These problems may be-come especially pronounced when principles of autonomic
computing and self-healing become widely adopted.
Fourth, due to the expected large scale of the computing Grid, it is highly
unlikely that we will end up with a single service intermediary. The
electricity grid now has a large number of overseeing entities responsible for
different geographic regions. Similarly, the computing Grid infrastructure
will have a number of service intermediaries, each responsible for its own
"region" of computing. The "regions" can be formed in accordance with the type
of computing resources distributed in the Grid (e.g. storage versus network
capacity, the type of the industry vertical, e.g. the financial services Grid
as opposed to the health care Grid, in accordance with administrative or
political boundaries, and other principles).
The recent electricity blackout was caused to an extent by a problem that
crossed multiple spheres of control, and by the lack of cooperation among the
various monitoring entities required to address such a problem. In order to
avoid similar disasters in the computing Grid, service intermediaries will
have to perform cooperative and federated management of the grid environment.
Federated management will require exchange of real-time management information
and management policies. It may also require introduction of higher level
service intermediaries, which may lead to a hierarchical management
structure.
Finally, in order to make federated management of the computing Grid
possible,
computing utilities will have to cede some control over its resources to
service intermediaries. Just as Midwest I.S.O. was hindered in its attempts to
avert the electricity blackout by its lack of authority over power utilities,
a service intermediary will be ill-positioned to prevent a computing blackout
if it does not have authority to not only monitor the computing resources, but
to also control its state and behavior.
This raises an interesting security and access control problem. If the
behavior and state of computing resources are easily controllable over the
Internet by service intermediaries, a security breach in the Grid computing
infrastructure can easily be used by a hacker to inflict a "man-made"
computing blackout. Since Web services are used to both access and control
computing resources in the Grid, the issues of Web services security and
access control become increasingly important.

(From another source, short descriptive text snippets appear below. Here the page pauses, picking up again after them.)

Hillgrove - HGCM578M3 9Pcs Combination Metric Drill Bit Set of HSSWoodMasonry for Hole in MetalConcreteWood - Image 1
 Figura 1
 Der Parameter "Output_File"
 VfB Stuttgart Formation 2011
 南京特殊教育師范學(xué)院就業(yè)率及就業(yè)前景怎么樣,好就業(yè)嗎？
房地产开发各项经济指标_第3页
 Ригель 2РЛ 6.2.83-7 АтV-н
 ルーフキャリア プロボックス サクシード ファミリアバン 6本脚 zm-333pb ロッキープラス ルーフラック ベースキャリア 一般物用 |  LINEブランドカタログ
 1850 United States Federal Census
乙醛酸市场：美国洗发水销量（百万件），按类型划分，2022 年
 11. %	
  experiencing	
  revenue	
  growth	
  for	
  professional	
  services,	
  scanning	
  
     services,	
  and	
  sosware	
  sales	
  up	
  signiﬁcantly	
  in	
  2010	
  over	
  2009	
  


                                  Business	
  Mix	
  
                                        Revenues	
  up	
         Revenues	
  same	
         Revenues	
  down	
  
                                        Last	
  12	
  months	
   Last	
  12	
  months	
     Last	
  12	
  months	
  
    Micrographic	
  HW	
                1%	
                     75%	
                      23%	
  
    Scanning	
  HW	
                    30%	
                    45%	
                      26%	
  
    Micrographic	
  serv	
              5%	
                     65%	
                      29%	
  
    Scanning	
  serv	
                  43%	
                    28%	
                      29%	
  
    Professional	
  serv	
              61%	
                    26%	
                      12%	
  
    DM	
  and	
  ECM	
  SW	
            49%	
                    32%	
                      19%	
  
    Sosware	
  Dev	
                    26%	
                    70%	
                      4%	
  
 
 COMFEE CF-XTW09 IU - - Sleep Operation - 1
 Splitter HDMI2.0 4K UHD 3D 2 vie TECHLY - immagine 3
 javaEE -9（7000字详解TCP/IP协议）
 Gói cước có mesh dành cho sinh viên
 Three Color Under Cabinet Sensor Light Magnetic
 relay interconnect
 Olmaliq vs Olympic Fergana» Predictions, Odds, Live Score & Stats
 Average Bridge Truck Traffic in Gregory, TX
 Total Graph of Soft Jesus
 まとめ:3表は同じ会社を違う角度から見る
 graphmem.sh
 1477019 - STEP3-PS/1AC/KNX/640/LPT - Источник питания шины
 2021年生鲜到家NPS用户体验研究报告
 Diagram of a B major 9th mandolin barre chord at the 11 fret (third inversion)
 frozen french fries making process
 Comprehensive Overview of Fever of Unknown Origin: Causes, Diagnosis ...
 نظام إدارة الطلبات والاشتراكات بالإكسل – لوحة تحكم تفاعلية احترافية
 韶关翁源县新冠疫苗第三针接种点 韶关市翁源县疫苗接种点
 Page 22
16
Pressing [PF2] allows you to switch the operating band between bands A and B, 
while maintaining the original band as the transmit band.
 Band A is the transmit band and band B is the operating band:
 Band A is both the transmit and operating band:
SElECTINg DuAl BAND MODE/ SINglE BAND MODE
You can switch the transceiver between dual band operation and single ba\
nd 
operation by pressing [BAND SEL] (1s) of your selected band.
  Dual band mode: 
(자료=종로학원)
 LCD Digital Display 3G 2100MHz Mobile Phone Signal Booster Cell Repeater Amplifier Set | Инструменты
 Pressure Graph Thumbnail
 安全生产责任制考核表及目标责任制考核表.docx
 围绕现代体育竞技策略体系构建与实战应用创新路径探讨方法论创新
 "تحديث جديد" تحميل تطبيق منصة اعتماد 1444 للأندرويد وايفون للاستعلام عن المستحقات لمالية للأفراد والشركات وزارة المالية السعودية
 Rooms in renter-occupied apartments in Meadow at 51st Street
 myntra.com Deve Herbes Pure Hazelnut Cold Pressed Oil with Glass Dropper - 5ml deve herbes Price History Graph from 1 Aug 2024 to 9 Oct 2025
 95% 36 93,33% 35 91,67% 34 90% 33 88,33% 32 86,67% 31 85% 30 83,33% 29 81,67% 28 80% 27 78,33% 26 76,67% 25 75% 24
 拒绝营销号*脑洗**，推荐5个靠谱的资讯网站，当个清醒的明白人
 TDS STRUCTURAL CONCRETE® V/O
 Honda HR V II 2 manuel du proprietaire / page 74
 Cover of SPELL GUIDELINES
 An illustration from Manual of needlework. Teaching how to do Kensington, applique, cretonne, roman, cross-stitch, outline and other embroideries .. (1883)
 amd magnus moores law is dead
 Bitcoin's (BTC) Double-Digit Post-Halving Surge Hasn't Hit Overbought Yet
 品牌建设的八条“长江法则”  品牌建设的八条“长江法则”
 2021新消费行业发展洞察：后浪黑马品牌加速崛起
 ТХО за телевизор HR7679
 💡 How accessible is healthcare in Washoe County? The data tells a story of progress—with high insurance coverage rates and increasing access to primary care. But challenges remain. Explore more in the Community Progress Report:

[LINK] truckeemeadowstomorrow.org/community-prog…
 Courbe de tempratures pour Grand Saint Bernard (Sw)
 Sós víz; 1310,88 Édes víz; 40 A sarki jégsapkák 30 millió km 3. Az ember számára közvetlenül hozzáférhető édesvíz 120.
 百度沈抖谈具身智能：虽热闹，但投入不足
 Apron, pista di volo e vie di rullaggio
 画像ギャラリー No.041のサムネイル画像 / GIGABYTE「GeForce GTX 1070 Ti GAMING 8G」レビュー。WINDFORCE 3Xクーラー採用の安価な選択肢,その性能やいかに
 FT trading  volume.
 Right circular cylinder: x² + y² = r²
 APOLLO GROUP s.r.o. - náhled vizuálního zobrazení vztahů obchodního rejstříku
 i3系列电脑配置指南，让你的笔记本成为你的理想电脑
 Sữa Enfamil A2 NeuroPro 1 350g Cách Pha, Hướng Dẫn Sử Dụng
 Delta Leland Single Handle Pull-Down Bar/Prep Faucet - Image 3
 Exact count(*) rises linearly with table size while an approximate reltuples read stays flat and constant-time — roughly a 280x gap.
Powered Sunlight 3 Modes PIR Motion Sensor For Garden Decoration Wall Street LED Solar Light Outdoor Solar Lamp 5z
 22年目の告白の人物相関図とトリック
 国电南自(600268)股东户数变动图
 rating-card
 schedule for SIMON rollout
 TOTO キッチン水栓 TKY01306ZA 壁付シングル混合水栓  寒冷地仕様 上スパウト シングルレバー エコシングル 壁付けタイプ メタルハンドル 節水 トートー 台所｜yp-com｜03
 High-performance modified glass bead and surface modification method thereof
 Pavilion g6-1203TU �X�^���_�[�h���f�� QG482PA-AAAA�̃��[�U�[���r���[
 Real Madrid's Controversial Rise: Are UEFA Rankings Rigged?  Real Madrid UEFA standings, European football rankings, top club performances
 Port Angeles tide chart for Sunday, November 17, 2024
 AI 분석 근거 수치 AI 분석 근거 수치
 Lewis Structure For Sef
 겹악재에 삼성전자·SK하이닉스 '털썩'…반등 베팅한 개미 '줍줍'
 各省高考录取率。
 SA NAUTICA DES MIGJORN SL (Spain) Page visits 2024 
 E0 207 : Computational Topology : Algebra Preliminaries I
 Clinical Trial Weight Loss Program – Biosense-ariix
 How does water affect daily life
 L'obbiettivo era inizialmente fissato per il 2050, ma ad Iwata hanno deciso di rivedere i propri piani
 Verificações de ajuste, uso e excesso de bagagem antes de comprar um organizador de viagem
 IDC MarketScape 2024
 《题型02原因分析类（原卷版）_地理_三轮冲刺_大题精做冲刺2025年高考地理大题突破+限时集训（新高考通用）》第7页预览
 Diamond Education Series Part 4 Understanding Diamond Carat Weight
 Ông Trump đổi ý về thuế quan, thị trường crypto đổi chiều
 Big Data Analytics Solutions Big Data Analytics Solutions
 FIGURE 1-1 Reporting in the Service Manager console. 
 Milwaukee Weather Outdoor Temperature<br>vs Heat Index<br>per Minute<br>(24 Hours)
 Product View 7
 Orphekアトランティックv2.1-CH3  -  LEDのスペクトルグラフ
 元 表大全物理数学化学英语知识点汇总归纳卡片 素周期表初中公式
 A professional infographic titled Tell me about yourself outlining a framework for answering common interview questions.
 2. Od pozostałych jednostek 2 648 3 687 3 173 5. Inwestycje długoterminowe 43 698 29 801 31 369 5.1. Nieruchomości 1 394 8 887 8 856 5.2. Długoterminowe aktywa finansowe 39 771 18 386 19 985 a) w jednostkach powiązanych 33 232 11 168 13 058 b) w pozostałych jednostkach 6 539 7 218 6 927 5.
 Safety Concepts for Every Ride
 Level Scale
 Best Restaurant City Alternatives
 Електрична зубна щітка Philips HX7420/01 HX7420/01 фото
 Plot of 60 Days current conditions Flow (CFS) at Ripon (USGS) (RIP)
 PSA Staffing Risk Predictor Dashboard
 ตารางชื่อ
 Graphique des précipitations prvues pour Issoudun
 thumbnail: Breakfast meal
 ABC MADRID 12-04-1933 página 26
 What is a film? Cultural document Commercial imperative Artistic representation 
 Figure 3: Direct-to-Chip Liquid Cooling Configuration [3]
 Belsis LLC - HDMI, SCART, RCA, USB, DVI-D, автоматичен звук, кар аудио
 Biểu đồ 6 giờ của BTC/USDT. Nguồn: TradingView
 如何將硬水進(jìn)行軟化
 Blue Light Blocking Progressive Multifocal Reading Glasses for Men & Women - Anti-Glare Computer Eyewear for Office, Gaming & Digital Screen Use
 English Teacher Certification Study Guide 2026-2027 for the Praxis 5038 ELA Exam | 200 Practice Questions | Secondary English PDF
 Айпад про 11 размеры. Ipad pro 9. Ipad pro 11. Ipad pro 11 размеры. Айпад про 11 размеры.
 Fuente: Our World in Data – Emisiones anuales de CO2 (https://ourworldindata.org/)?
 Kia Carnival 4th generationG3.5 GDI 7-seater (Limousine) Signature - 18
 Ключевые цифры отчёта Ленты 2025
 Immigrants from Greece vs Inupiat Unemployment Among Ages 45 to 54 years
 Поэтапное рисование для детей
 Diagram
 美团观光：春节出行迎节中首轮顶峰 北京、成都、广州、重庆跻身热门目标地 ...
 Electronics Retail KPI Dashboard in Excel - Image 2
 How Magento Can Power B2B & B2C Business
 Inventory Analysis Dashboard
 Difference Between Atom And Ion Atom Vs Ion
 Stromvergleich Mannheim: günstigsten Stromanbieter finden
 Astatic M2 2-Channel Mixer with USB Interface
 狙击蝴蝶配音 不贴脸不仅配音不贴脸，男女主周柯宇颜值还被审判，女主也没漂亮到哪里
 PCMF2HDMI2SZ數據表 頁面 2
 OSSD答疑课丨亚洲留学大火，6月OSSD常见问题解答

In summary, issues such as Web services manageability and control; real
time
event management over the Internet; stochastic modeling of computing Grids;
federated management of Web services; and Web services security and access
control, will play critical role in the emergence of a reliable Grid computing
environment suitable for supporting critical business functions and processes.
Until we see these areas sufficiently developed, applications relying on Grid
computing principles will be subject to periodic IT disruptions and computing
blackouts.
|